While genome sequences of over 120 archaeal species are available, comparatively few organisms have had their modes of chromosome replication and chromosome organization studied at the molecular and cellular levels. In the following we will highlight findings from model organisms of the Euryarchaea and the TACK superphylum, however, until more archaeal species are studied in detail, caution must be urged in extrapolating these specific findings to phylum-level generalizations.
Paradigms from Bacteria
As detailed elsewhere in this collection of reviews, bacterial chromosomes are replicated from a single replication origin per chromosome, in a classical manifestation of the replicon model. The conserved initiator protein DnaA, often encoded in the vicinity of the origin, binds and leads to melting of the origin prior to the recruitment of the replicative helicase. Chromosome copy number can be variable depending on growth conditions. For example, it is well documented that rapidly growing E. coli initiates more than one round of chromosome replication per cell division cycle [Sherratt, 2003]. Bacterial chromosomes segregate concomitant with their replication, with individual loci remaining cohesed for a short time period prior to segregation. In E. coli, the apparent cohesion time period can be modulated by altering cellular levels of Topoisomerase IV, leading to the suggestion that the principal cause of cohesion in that species is the persistence of pre-catenanes that arose during replication [Wang et al., 2008].
One complexity of circular chromosomes lies in the possibility that a chromosome dimer could arise via recombination during replication. This would present a barrier to the final segregation of the dimeric genome prior to cell division. Bacteria possess a site-specific recombination system based on a homo- or hetero-dimer of tyrosine recombinases (XerC and XerD in E. coli) that act a specific site in the chromosome to resolve dimers to monomers. This site, dif, is generally located across the chromosome from the replication origin and is associated with dedicated replication fork barriers that serve to ensure replication terminates in the vicinity of the dif site [Duggin et al., 2008b; Sherratt, 2003]. The involvement of fork barriers can be explained by the observation that chromosomes segregate during replication. The fork barriers thus act to position dif in the final replicated region and thereby ensure that the recombinase acts to resolve dimers at the end of the replication process. Indeed, in E. coli it has been demonstrated that a DNA pump, FtsK, located at the division septum is an active participant in the recombination reaction [Aussel et al., 2002].
Thus, the available data indicate that in bacteria, DNA replication, segregation, termination and dimer resolution are interdependent processes.
Euryarchaeal Chromosome Replication
The first attempts to map an archaeal replication initiation site utilized in silico analyses in conjunction with labeling approaches and revealed that the euryarchaeon Pyrococcus abyssi had a single replication origin, oriC [Myllykallio et al., 2000]. The origin is located adjacent to a gene encoding a open-reading frame with homology to the eukaryotic Orc1 and Cdc6 replication factors. In eukarya, Orc1 is a component of the Origin Recognition Complex (ORC) that binds to replication origins and recruits the replicative helicase (MCM2-7) via the actions of two additional factors, Cdc6 and Cdt1 [Bell and Dutta, 2002]. The conserved portions of eukaryotic Orc1 and Cdc6 are related in sequence and possess N-terminal AAA+ ATPase domains and C-terminal winged helix-like domains [Bell, 2012]. Thus, the Pyrococcus Orc1/Cdc6 related protein was a strong candidate for the initiator protein. Indeed, orthologs of the Pyrococcus Orc1/Cdc6 are encoded by most, although not all, archaeal genomes and, as detailed in the examples below, the orc1/cdc6 genes often lie adjacent to a replication origin.

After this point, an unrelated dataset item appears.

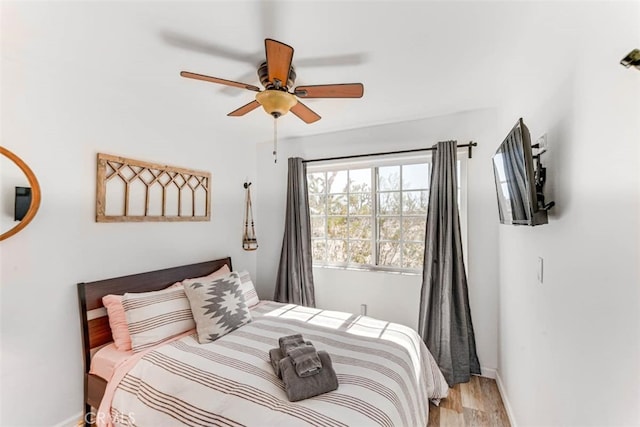 58725 Botkin Rd, Landers, CA 92285 - bedroom featuring baseboards, light wood finished floors, and a ceiling fan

Following on from the initial identification of the Pyrococcus origin, subsequent studies confirmed that replication initiation occurred at this locus in vivo by 2D neutral-neutral agarose gel electrophoresis while a high resolution technique, RIP mapping, revealed the precise start site of DNA synthesis [Farkas et al., 2011; Matsunaga et al., 2001]. A more recent study has revealed that a 635 bp fragment derived from the mapped origin is capable of supporting stable autonomous replication of a plasmid in Pyrococcus at a copy number equivalent to that of the main chromosome [Farkas et al., 2011]. The single origin system of Pyrococcus is reminiscent of the mode by which bacterial chromosomes are replicated. This parallel can be extended by work that mapped a dif site in Pyrococcus [Cortez et al., 2010]. Genome sequence comparisons revealed that most archaea possess a single homolog of the bacterial Xer recombinases. Bioinformatic analyses followed by biochemical reconstitution led to the identification of a sequence that can act as a substrate for the Pyrococcus Xer protein. This candidate dif site is positioned across the chromosome from the replication origin and thus lies in the region where replication termination is expected to occur. However, it is not known whether Pyrococcus has an active termination system, exploiting fork traps, or indeed whether it, like bacteria, segregates its DNA during replication. Interestingly, Methanothermobacter thermautotrphicus, another euryarchaeal species, appears to segregate its nucleoids concomitant with replication or immediately post-termination [Majernik et al., 2005].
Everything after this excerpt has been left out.